On top of throwing the world into a health crisis, insomnia became an even larger problem. It was already the most common sleeping disorder before the pandemic but has increased so much so that a new term called “Coronasomnia” is being used. Coronasomnia, a portmanteau (i.e., blend) of the words “coronavirus” and “insomnia”, has been used to describe the recently surging cases of insomnia as a result of the pandemic. In short, those with insomnia struggle to fall asleep and stay asleep even if they manage to. Stress, anxiety, and depression are all common side effects of sleep deprivation, and in turn, can lead to both insomnia and revenge bedtime procrastination. But if staying at home means easy access to beds, why has this reduced levels of sleep as opposed to increasing them?

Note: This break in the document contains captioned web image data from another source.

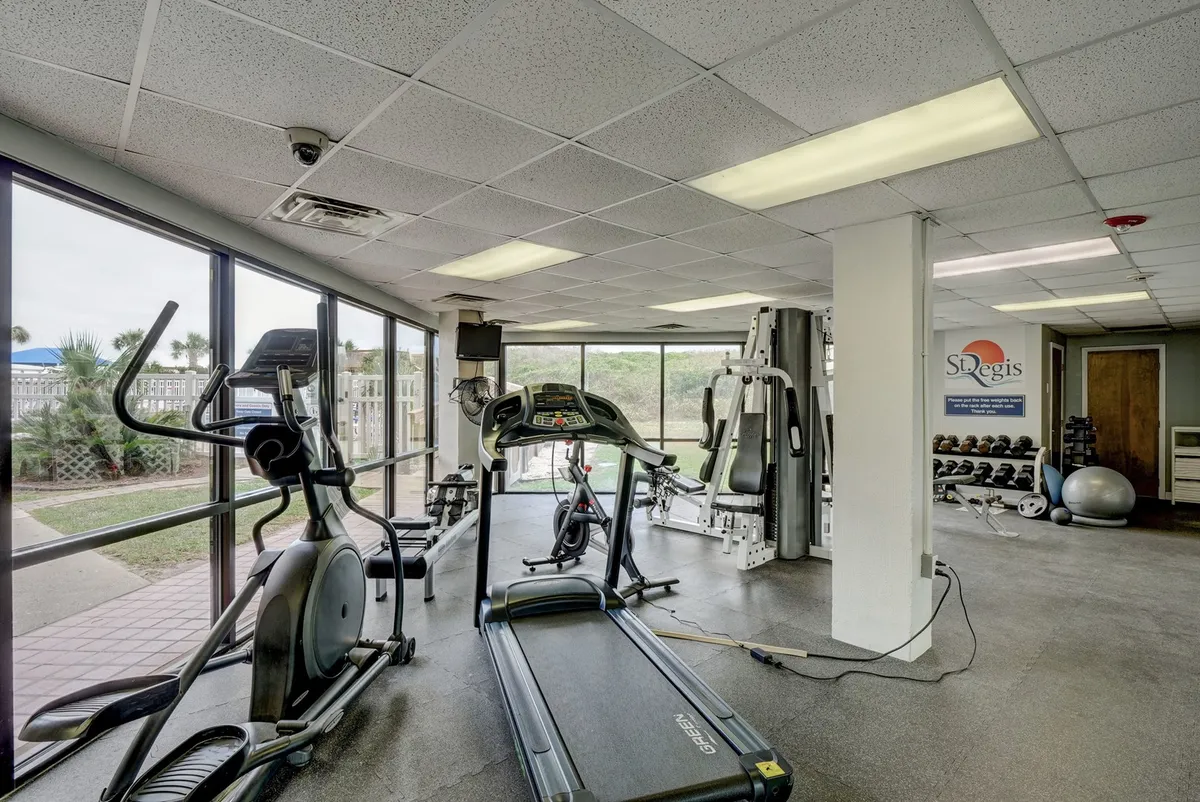 A bright, modern fitness center featuring a treadmill, elliptical, weight machines, free weights, and large windows that let in ample natural light. The room conveys a sense of energy and motivation for an active lifestyle.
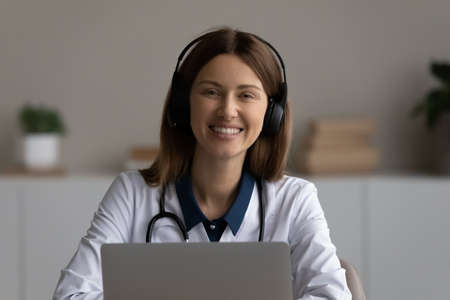 Portrait of smiling young Caucasian female nurse or GP in headphones talk on video call on laptop in...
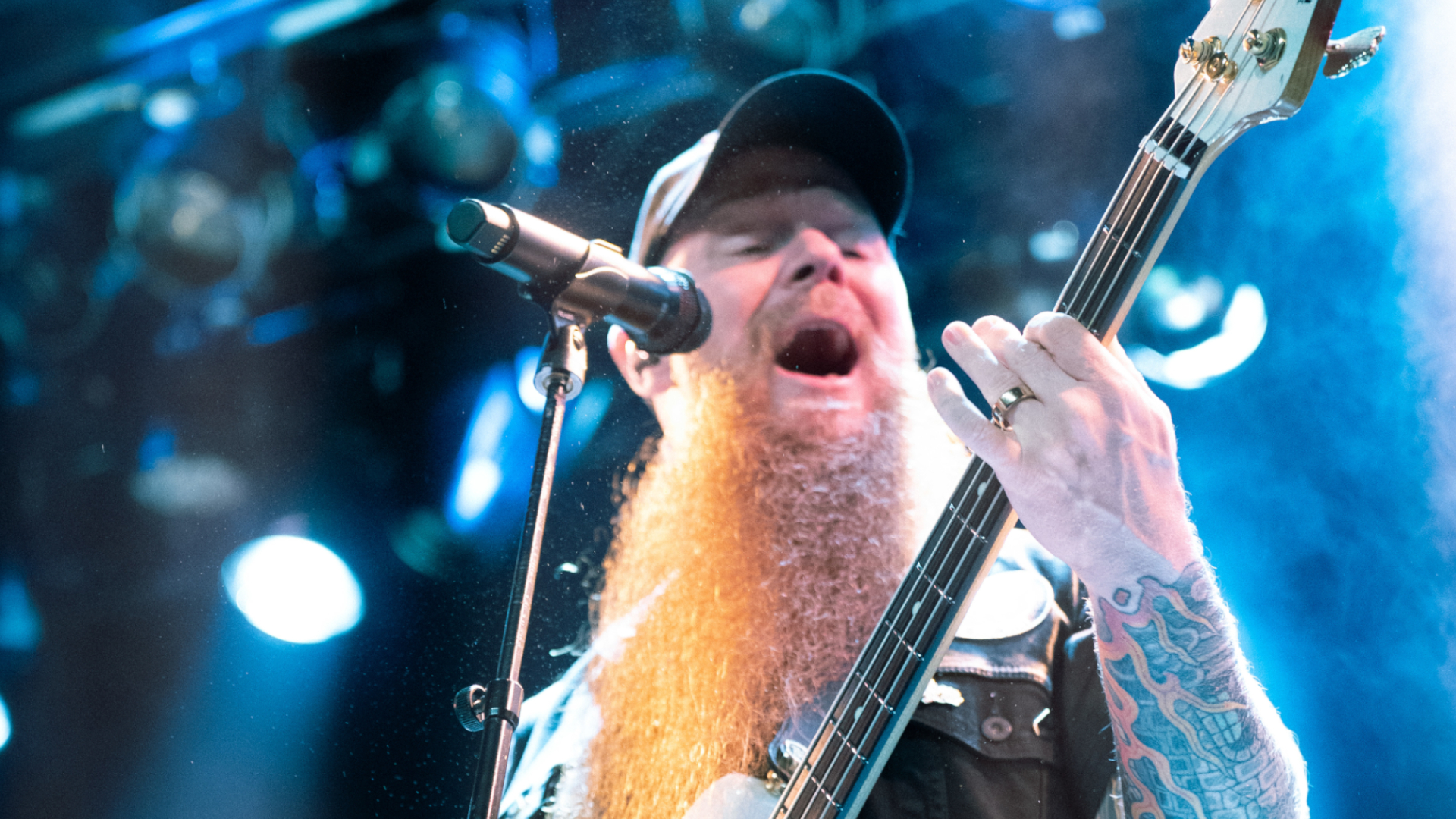 Porter McKnight sings and plays bass at an Atreyu gig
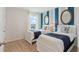 Charming bedroom with two twin beds and blue striped walls at 4807 Khloe Ct, Winter Haven, FL 33884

Boundaries between work, school and home
Forcing adults and students to stay home has “blurred the line” between academic or work life and personal life. Though it may seem unimportant at first glance, keeping a distinct separation between the two is an important factor toward reducing work or school-related stress and maintaining mental health. When they become so closely intertwined to the point that it is hard to tell where one starts and the other ends, it makes it increasingly difficult to “switch off” from one and focus on the other, which can thus influence productivity. It also leads to an increased risk of burning out if overworked.

Escalated technology use
Aside from meetings and classes being replaced with virtual alternatives, people have become increasingly reliant on technology to communicate with friends or take a break from the turmoil. Since many areas have been on lockdown for over a year and counting, the restrictions make it difficult for people to meet up in person. And although people have already been reliant on devices before the virus, people cannot help but use more of them now since there aren’t many options open.

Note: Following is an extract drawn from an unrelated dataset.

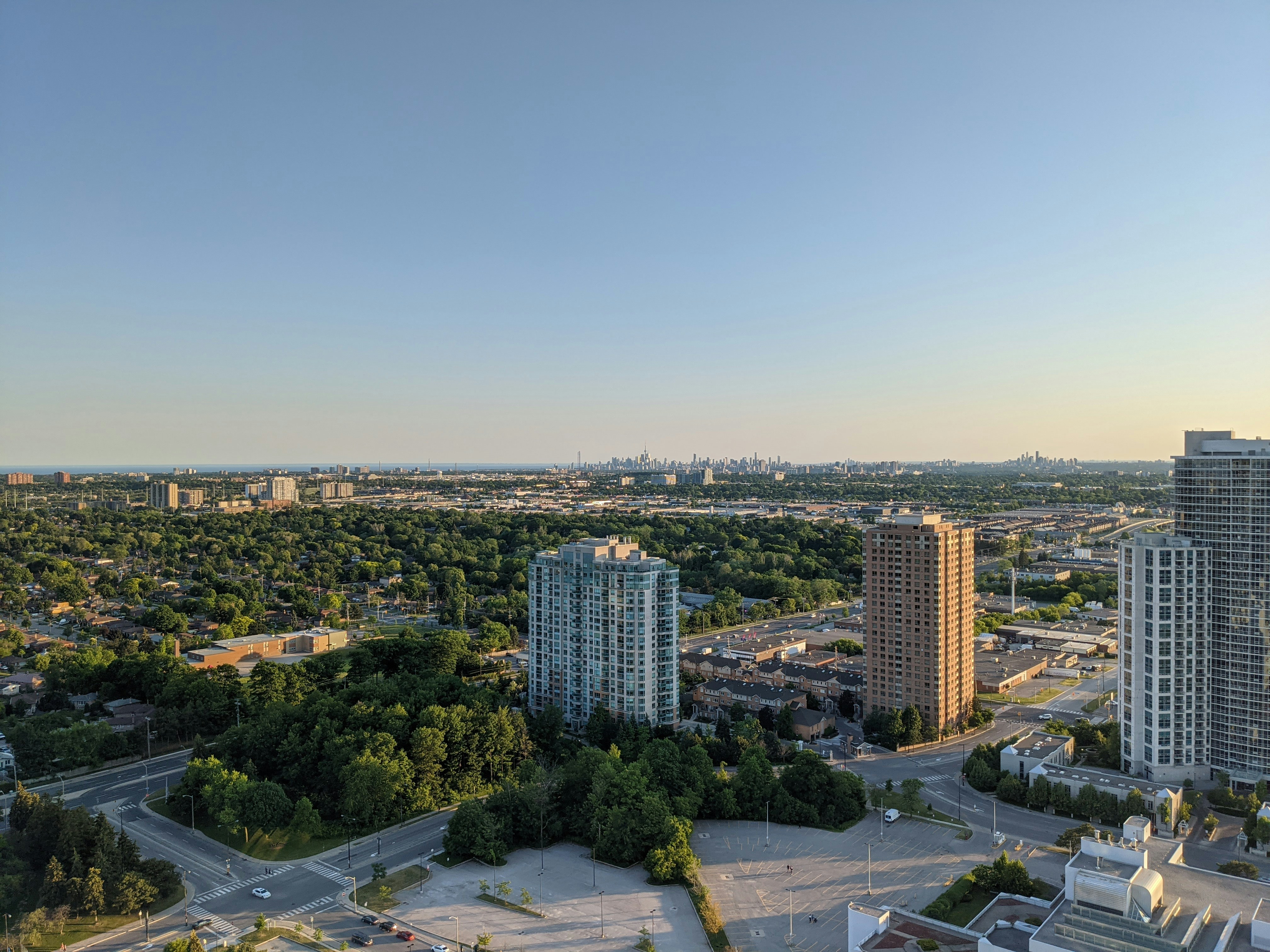 City buildings under blue sky during daytime photo – Free Building ...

Social media and streaming services are more accessible than ever before and everything is only a click away. So when exhausted and stressed individuals have had a long day, it is far more likely for them to whip out their phone or turn on their TV than take a jog outside. Students who used to meet their friends outside have now turned to social media or other chatting platforms to make up for the loss of social interaction. And having a smartphone readily available just before bed makes people even more susceptible to revenge bedtime procrastination and coronasomnia. According to OpenStax, melatonin, a hormone that helps to regulate sleep, is “stimulated by darkness and inhibited by light”. So staying up late at night staring at a bright computer screen will signal the brain to stop producing melatonin and is counterproductive toward a better night’s sleep. The pandemic seems to be far from drawing to a close, so how can people improve their sleeping habits?

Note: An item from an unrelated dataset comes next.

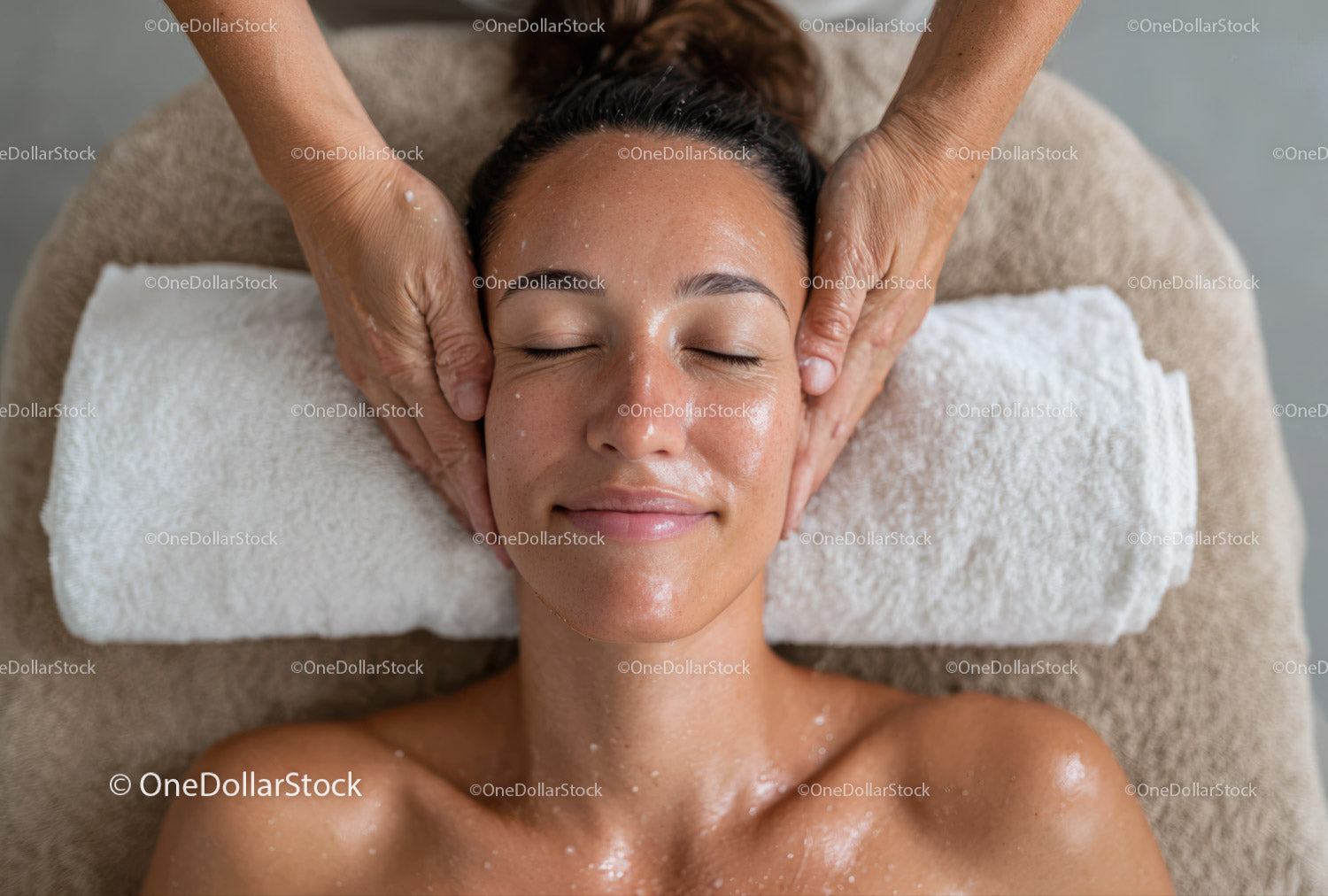 Woman Relaxing During Facial Massage in Spa Environment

Adjustments to improve sleep
Due to the sudden changes in lifestyle, it is only natural that individuals’ circadian rhythms have been thrown out of balance. One way to slowly return to a normalized sleep schedule is to keep screens off in the bedroom. As mentioned above, stopping the production of melatonin will only keep the brain more alert. Instead, read a book or engage in an alternative activity that does not require a device. Avoid taking naps longer than 20 to 30 minutes to allow adenosine (a chemical that promotes sleep at night) to build up throughout the day. And although it may be tempting to do everything in bed, marking it as the “sleeping place” can help the brain associate it with only sleep and not productivity. In addition to maintaining a regular daily sleeping and working schedule, setting aside an hour or two specifically for relaxation can help to prevent revenge bedtime procrastination and thus improve sleep cycles. And finally, keep in mind that an individual suspecting they may be suffering from insomnia or any other health issue should always consult or reach out to a medical professional instead of self-diagnosing. Even if it turns out to be nothing, it is always better to be safe instead of risking further consequences in the future.